5. To prove its correctness, I will prove the following statement: each update changes the answer appropriately(it gives a proof by induction for all operations, because initially everything is filled with zeros and the correctness is obvious). Let's assume that we had a left, right, DELTA update and now we are performing pos query(that is, 0 ... pos sum). Let's consider 3 cases:
   i) pos < L. The update does not affect this query. The answer is correct(due to the induction hypothesis).
   ii) L <= pos <= R. This update will add DELTA * pos - (left - 1) * pos. It means that DELTA is added pos - L + 1 times. That's exactly how it should be. Thus, this case is also handled correctly.
   iii) pos > R. This update will add 0 + DELTA * right - DELTA * (left - 1). That is, DELTA is added exactly right - left + 1 times. It is correct, too.

   We have just shown the correctness of the induction step. Thus, this algorithm is correct.

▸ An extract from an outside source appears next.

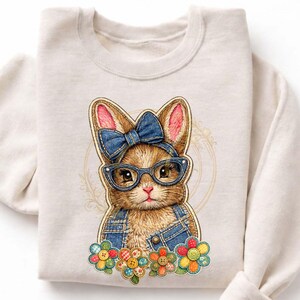 Design PNG con coniglietto patchwork carino, design per maglietta con coniglietto pasquale, clipart di coniglietto floreale primaverile, PNG per sublimazione, coniglietto vintage stampabile, PNG DTF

6. I have only shown how to answer [0, pos] sum queries. But answering [left, right] query is easy now: it is just getSum(right) - getSum(left - 1).

That's it. I have shown that this algorithm is correct. Now let's try to code it and see if it works(it is just a sketch, so the code quality might be not really good):

#include <bits/stdc++.h>

using namespace std;

// Binary index tree.
struct BIT {
  vector<int> f;

  BIT(int n = 0) {
    f.assign(n, 0);
  }

  int get(int at) {
    int res = 0;
    for (; at >= 0; at = (at & (at + 1)) - 1)
      res += f[at];
    return res;
  }

  void upd(int at, int delta) {
    for (; at < f.size(); at = (at | (at + 1)))
      f[at] += delta;
  }
};

// A tree for range updates and queries.
struct Tree {
  BIT f1;
  BIT f2;

  Tree(int n = 0): f1(n + 1), f2(n + 1) {}

  void upd(int low, int high, int delta) {
    f1.upd(low, delta);
    f1.upd(high + 1, -delta);
    f2.upd(low, delta * (low - 1));
    f2.upd(high + 1, -delta * high);
  }

  int get(int pos) {
    return f1.get(pos) * pos - f2.get(pos);
  }

  int get(int low, int high) {
    return get(high) - (low == 0 ? 0 : get(low - 1));
  }
};

// A naive implementation.
struct DummyTree {
  vector<int> a;

  DummyTree(int n = 0): a(n) {}

  void upd(int low, int high, int delta) {
    for (int i = low; i <= high; i++)
      a[i] += delta;
  }

  int get(int low, int high) {
    int res = 0;
    for (int i = low; i <= high; i++)
      res += a[i];
    return res;
  }
};

int main() {
  ios_base::sync_with_stdio(0);
  int n = 100;
  Tree t1(n);
  DummyTree t2(n);
  for (int i = 0; i < 10000; i++) {
    int l = rand() % n;
    int r = rand() % n;
    int v = rand() % 10;
    if (l > r)
      swap(l, r);
    t1.upd(l, r, v);
    t2.upd(l, r, v);
    for (int low = 0; low < n; low++)
      for (int high = low; high < n; high++)
    assert(t1.get(low, high) == t2.get(low, high));
  }
  return 0;
}

Oh, yeah. I forgot about time complexity analysis. But it is trivial here: we make a constant number of queries to binary index tree, thus it is O(log n) per query.